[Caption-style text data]
******************************
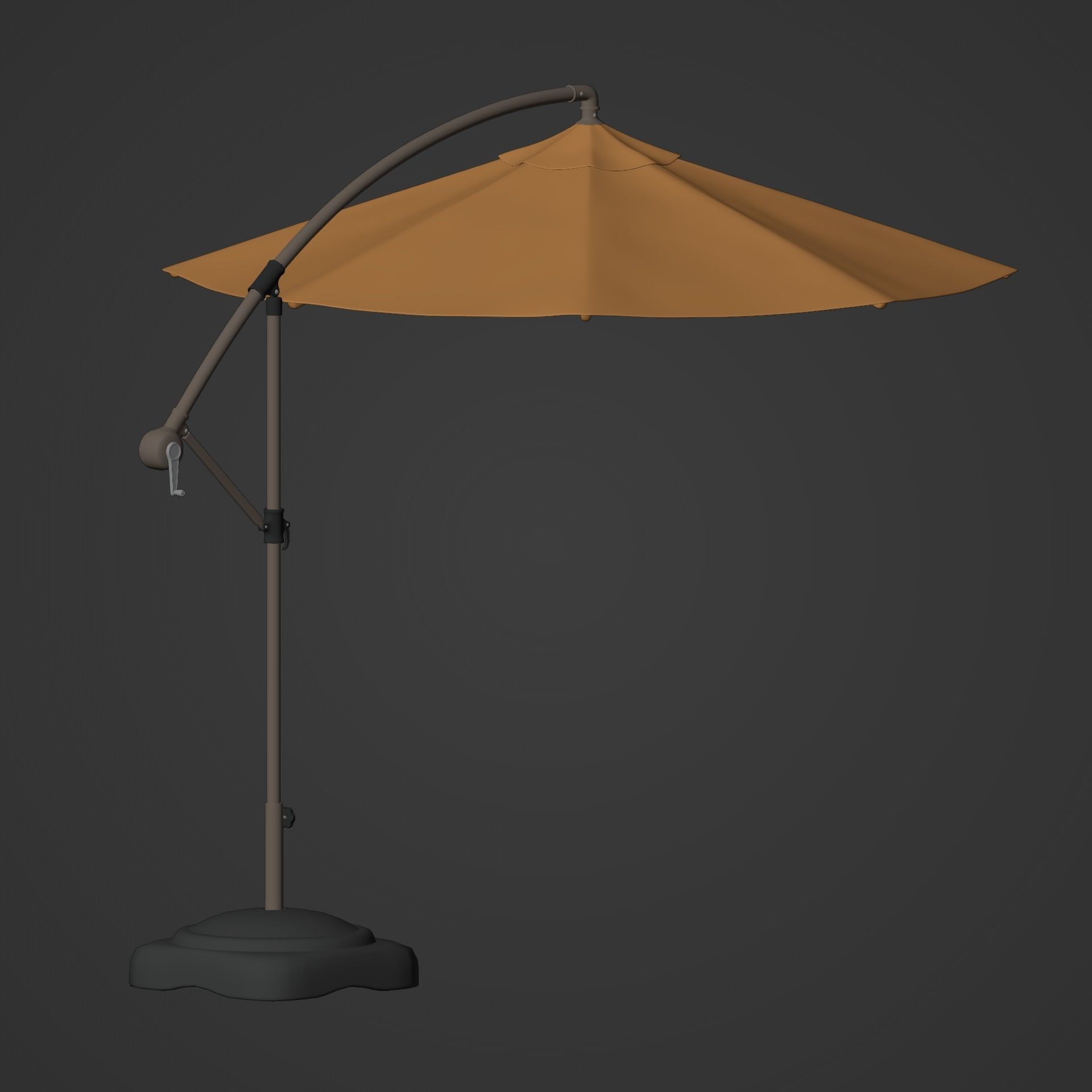 Patio Umbrella Low-poly 3D model_6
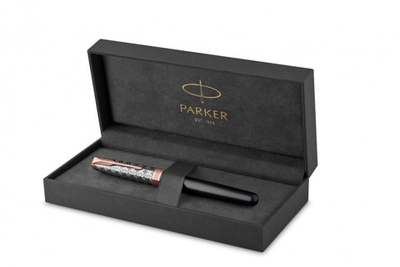 Перьевая ручка Parker Sonnet Premium  GREY GT, перо 18K, перо: F, цвет чернил black, в подарочной упаковке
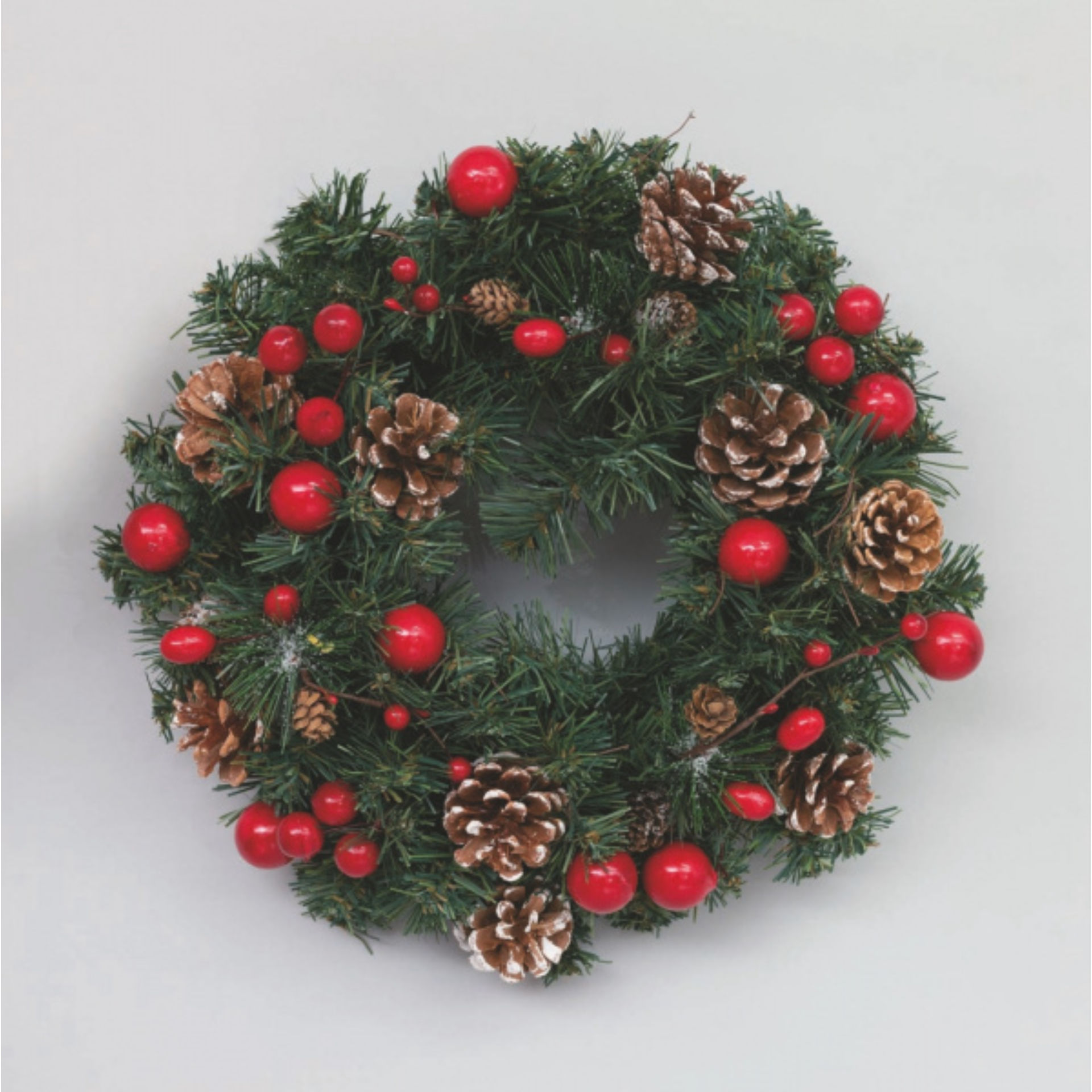 CORONA PVC CM.40 DEC.BACCHE ROSSE,PIGNE NEVATE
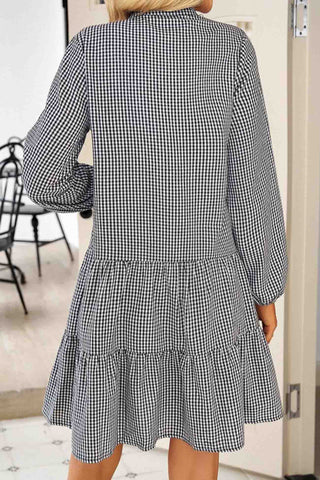 Sonicelife hoco dresses Plaid Button A-line Tiered Dress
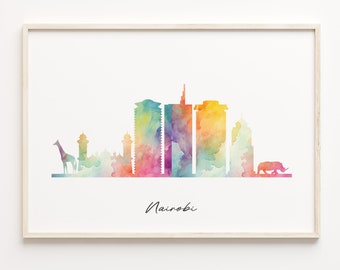 Nairobi Skyline Watercolor Print: Africa Cityscape Wall Art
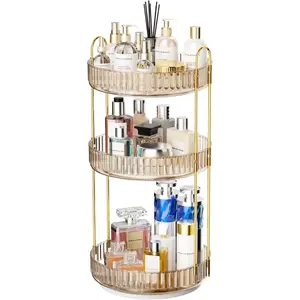 360° Rotating Makeup Organizer, 3 Tier Large Capacity Perfume Cosmetics Skincare Vanity Organizers,Bathroom Counter Organizer, Dresser Spinning Countertop Organizer and Storage for Women (Gold)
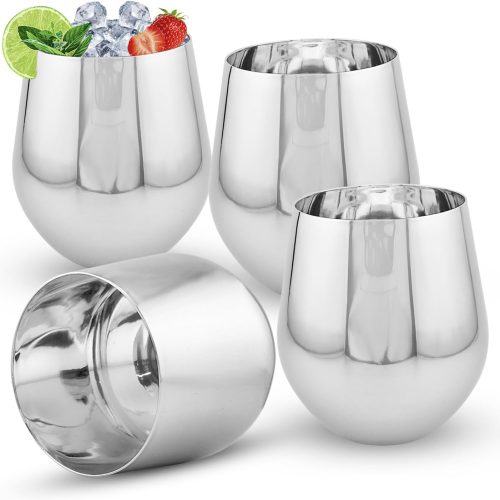 Durable Heavy-Gauge 16.9oz (500ml) Stainless Steel Metal Mugs Cups Tumbler Drinking Glasses – Premium Grade, Single Wall, Food Grade, Set of 4 (Plain High Polish)
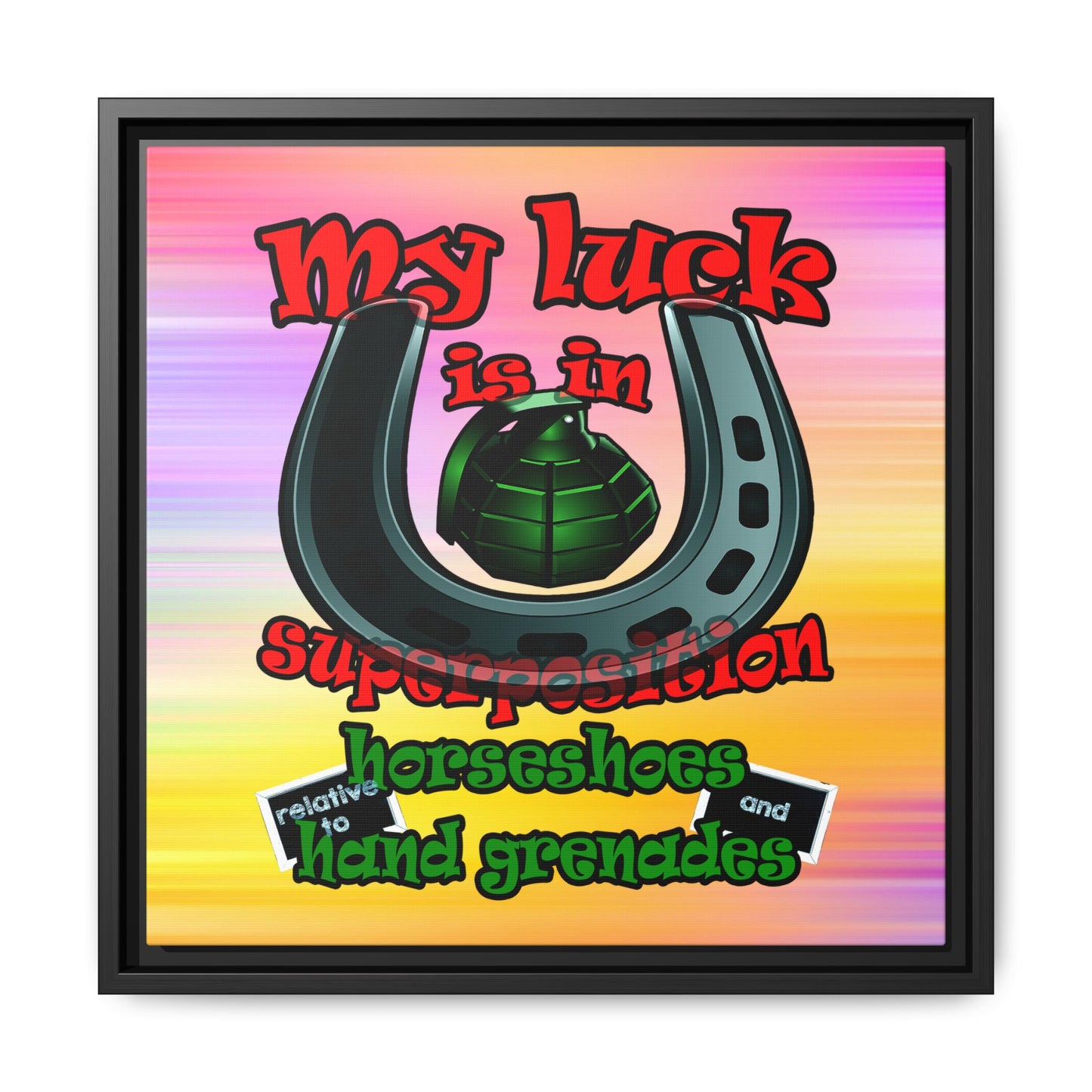 my luck - framed canvas art (color blur)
******************************
- About this exercise
Retype the records above exactly, pictures omitted.

- Response area
 Patio Umbrella Low-poly 3D model_6
 Перьевая ручка Parker Sonnet Premium  GREY GT, перо 18K, перо: F, цвет чернил black, в подарочной упаковке
 CORONA PVC CM.40 DEC.BACCHE ROSSE,PIGNE NEVATE
 Sonicelife hoco dresses Plaid Button A-line Tiered Dress
 Nairobi Skyline Watercolor Print: Africa Cityscape Wall Art
 360° Rotating Makeup Organizer, 3 Tier Large Capacity Perfume Cosmetics Skincare Vanity Organizers,Bathroom Counter Organizer, Dresser Spinning Countertop Organizer and Storage for Women (Gold)
 Durable Heavy-Gauge 16.9oz (500ml) Stainless Steel Metal Mugs Cups Tumbler Drinking Glasses – Premium Grade, Single Wall, Food Grade, Set of 4 (Plain High Polish)
 my luck - framed canvas art (color blur)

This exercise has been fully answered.